━━━ Task input ━━━

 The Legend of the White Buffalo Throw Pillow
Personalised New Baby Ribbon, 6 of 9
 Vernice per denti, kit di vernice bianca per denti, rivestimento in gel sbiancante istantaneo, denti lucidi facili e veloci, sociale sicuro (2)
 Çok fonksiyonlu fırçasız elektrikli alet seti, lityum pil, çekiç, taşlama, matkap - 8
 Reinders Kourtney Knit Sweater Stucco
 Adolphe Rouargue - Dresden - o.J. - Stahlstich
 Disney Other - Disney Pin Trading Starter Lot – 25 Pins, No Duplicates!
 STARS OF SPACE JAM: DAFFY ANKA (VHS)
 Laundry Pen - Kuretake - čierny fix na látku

━━━
━━━ Task input ━━━

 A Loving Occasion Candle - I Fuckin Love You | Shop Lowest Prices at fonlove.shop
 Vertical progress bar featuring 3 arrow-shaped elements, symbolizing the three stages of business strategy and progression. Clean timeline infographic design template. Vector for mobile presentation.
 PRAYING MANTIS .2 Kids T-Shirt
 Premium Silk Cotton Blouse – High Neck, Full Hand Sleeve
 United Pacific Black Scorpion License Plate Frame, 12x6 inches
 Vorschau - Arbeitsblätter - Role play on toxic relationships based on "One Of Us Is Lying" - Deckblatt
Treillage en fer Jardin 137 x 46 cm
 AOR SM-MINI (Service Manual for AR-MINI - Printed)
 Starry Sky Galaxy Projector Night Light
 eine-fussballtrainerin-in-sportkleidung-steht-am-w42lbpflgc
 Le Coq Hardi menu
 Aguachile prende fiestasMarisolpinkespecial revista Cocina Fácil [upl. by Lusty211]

━━━
━━━ Task input ━━━

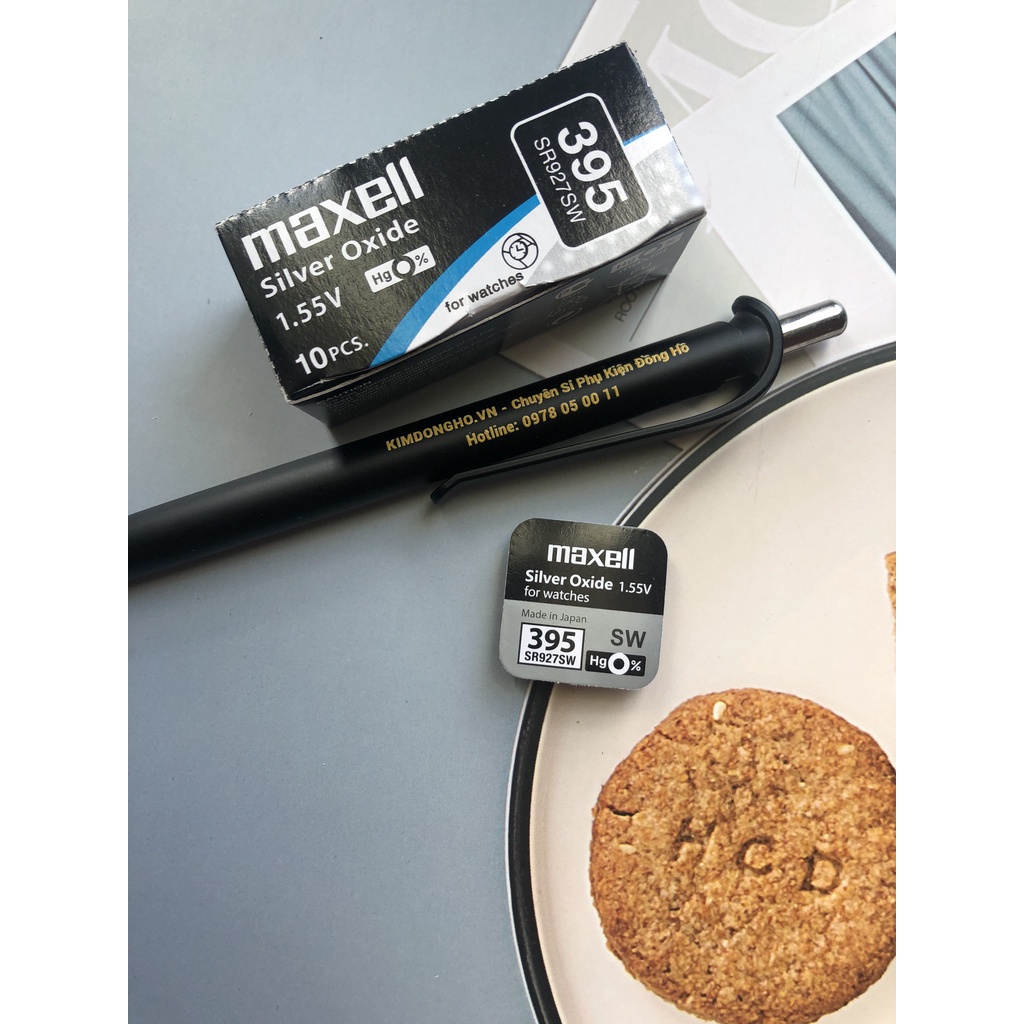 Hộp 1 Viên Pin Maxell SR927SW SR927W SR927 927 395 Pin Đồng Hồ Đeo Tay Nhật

━━━

— Activity —
Beginning at the line above with "Personalised New Baby Ribbon, 6 of 9" and finishing at the line with "Disney Other - Disney", return each line exactly and return nothing else.

— Response —
Personalised New Baby Ribbon, 6 of 9
 Vernice per denti, kit di vernice bianca per denti, rivestimento in gel sbiancante istantaneo, denti lucidi facili e veloci, sociale sicuro (2)
 Çok fonksiyonlu fırçasız elektrikli alet seti, lityum pil, çekiç, taşlama, matkap - 8
 Reinders Kourtney Knit Sweater Stucco
 Adolphe Rouargue - Dresden - o.J. - Stahlstich
 Disney Other - Disney Pin Trading Starter Lot – 25 Pins, No Duplicates!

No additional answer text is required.